The troubling thing about the Calgary bid to host the Olympics is how far the process went in spite of never attaining any meaningful legislative approvals and never having a significant level of local support. It seems as soon as a committee was assigned to study the possibility of the city hosting the Olympics, that process took on a life of its own, with no one able to put the brakes on when that was needed.

It was not the voters so much as a budget shortfall of several billion dollars that killed the Calgary Olympics. There is no doubt that the funding shortage, and the scenario of the city residents paying it off over the next forty years, helped persuade some voters to turn out and vote no. Had the Olympics hosting budget balanced, the plan might have gone ahead in spite of local opposition. Conversely, even if voters had voted yes, the hosting proposal could still have fallen apart because of a lack of funding.

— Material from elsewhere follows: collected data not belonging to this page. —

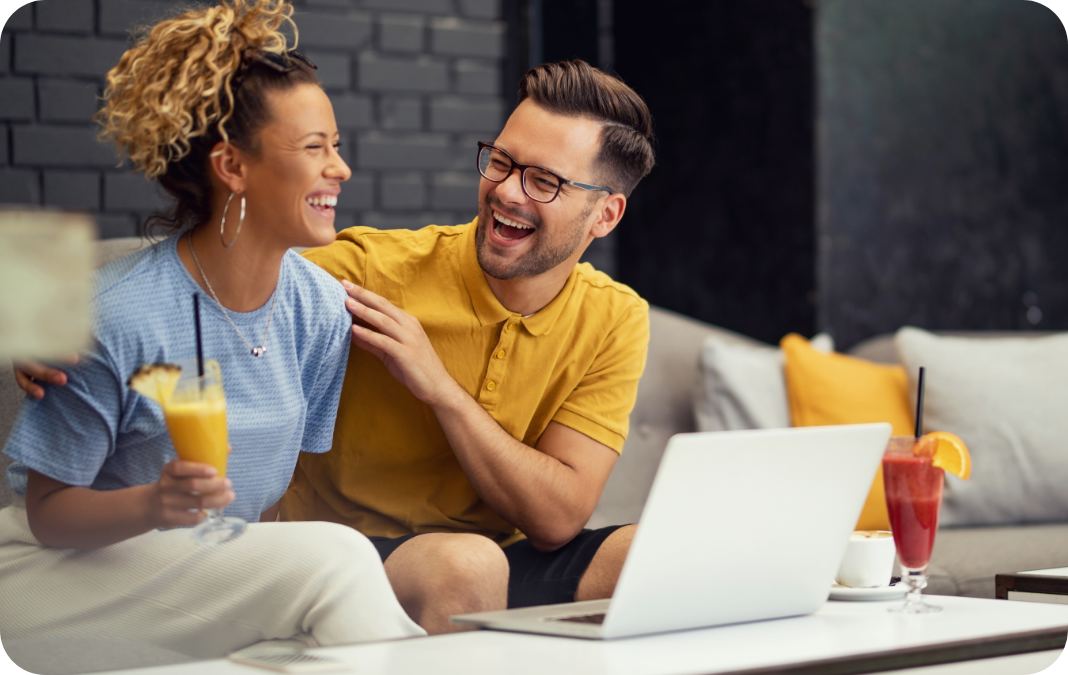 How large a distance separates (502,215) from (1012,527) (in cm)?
158

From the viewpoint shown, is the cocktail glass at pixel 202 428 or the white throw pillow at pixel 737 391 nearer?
the cocktail glass at pixel 202 428

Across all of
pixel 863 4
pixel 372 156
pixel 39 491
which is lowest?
pixel 39 491

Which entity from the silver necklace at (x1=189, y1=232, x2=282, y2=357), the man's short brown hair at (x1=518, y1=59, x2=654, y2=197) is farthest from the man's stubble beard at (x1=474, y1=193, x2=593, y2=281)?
the silver necklace at (x1=189, y1=232, x2=282, y2=357)

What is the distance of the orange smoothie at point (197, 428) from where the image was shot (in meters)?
1.15

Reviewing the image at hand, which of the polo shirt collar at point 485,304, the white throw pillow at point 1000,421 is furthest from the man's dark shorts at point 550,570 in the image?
the white throw pillow at point 1000,421

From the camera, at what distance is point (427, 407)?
178cm

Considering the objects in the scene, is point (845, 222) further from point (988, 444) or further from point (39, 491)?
point (39, 491)

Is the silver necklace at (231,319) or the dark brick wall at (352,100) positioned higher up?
the dark brick wall at (352,100)

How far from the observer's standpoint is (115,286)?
1345 millimetres

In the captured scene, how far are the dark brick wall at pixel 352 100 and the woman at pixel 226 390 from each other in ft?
4.29

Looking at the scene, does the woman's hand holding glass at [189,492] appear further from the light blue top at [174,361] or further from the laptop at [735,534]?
the laptop at [735,534]

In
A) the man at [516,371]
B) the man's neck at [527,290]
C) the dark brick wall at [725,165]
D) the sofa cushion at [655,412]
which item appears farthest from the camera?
the dark brick wall at [725,165]

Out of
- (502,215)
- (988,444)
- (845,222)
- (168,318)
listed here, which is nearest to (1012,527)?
(988,444)

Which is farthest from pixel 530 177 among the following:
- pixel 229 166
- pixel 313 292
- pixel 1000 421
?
pixel 1000 421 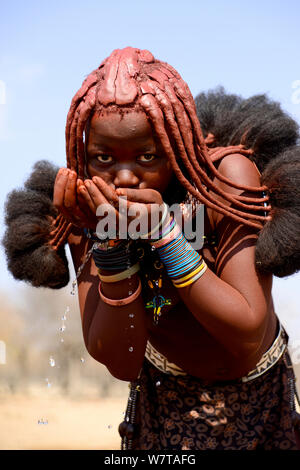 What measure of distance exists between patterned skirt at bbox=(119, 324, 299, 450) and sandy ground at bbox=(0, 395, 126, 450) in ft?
14.4

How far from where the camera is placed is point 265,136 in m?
2.66

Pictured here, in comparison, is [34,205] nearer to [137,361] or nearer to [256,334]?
[137,361]

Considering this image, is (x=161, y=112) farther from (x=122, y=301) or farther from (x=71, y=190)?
(x=122, y=301)

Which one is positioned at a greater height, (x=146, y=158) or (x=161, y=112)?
(x=161, y=112)

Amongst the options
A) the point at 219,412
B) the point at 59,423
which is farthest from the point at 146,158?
the point at 59,423

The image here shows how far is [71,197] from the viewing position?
2.06 metres

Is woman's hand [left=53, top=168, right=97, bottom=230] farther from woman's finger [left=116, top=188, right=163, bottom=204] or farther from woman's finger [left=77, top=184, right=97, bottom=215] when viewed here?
woman's finger [left=116, top=188, right=163, bottom=204]

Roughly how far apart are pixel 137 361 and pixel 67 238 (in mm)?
638

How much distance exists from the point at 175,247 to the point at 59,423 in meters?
6.71

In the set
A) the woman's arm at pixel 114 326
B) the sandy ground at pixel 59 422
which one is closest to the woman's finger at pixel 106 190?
the woman's arm at pixel 114 326

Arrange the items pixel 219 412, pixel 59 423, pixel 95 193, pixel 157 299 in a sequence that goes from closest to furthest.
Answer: pixel 95 193 < pixel 157 299 < pixel 219 412 < pixel 59 423

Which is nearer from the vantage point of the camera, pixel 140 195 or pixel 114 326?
pixel 140 195

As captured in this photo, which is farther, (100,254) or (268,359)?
(268,359) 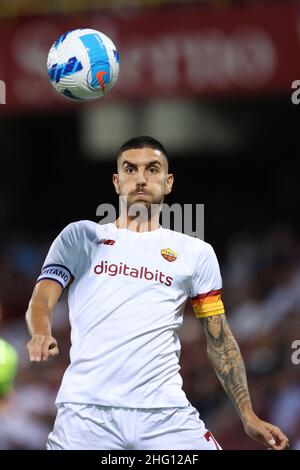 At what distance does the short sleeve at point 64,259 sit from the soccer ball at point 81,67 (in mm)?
875

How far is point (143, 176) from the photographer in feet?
16.8

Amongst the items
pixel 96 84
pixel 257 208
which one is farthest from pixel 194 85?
pixel 96 84

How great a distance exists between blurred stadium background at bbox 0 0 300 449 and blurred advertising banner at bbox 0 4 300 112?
0.02m

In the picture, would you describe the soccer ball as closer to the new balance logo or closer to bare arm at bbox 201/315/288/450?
the new balance logo

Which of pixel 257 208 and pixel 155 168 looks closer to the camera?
pixel 155 168

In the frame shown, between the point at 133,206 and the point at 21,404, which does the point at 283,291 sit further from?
the point at 133,206

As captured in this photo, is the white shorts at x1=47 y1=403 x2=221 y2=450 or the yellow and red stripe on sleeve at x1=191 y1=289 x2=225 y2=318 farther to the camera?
the yellow and red stripe on sleeve at x1=191 y1=289 x2=225 y2=318

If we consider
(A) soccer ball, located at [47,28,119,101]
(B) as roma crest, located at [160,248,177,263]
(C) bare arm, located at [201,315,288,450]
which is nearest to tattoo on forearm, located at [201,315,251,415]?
(C) bare arm, located at [201,315,288,450]

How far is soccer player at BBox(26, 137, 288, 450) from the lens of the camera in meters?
4.82

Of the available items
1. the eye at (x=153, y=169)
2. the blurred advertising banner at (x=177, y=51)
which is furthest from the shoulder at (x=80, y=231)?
the blurred advertising banner at (x=177, y=51)

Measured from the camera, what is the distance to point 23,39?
13.3m

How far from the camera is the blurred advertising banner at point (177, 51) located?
12.2 meters

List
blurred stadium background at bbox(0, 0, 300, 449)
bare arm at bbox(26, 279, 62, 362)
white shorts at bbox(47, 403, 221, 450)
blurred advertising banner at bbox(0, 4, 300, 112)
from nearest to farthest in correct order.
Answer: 1. bare arm at bbox(26, 279, 62, 362)
2. white shorts at bbox(47, 403, 221, 450)
3. blurred stadium background at bbox(0, 0, 300, 449)
4. blurred advertising banner at bbox(0, 4, 300, 112)

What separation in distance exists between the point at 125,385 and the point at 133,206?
35.1 inches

What this saga suggests is that there is a fundamental conflict between the Olympics and democracy. Realistically, a city probably cannot host the Olympics or an international sporting event of similar scale unless it is done without letting the people have a voice in the process. When you look at the ethical implications of city taxpayers backstopping the finances for what is, in financial terms, a U.S. television show, that is reason enough for principled voters anywhere to vote no, assuming they are asked.

If the Calgary Olympics story gives you a sense of déjà vu, that may be because it so accurately duplicates the recent story in Boston. There, the budget shortfall was similar in scale, and it was the tireless efforts of community organizers focusing public opposition that brought that project to a stop. But as in Calgary, it was a planning effort that took place behind closed doors with no public support and very limited governmental approval. The thought in Boston was that a major event that would permanently scar the landscape of the city could be shoved down the public’s throat. It is a way of thinking so far removed from democracy that it is no wonder it ran into trouble.

The Olympics may be able to carry on a little longer by holding events in places that are more authoritarian, but eventually, the clash between Olympics and the public interest has to become an embarrassment, not just to the Olympics, but also to its supporters and sponsors. The long-term decline in the U.S. TV sports audience will undercut the prospects for the Olympics ever becoming self-funding. If the Olympics must be a money-losing operation, it really should be financed properly, by charitable donations, rather than by bait-and-switch and hot-potato tactics to cobble together public funding. The two-year cycle of searching for a city where people are gullible enough to agree to host is hardly a reputable way to run such an enterprise.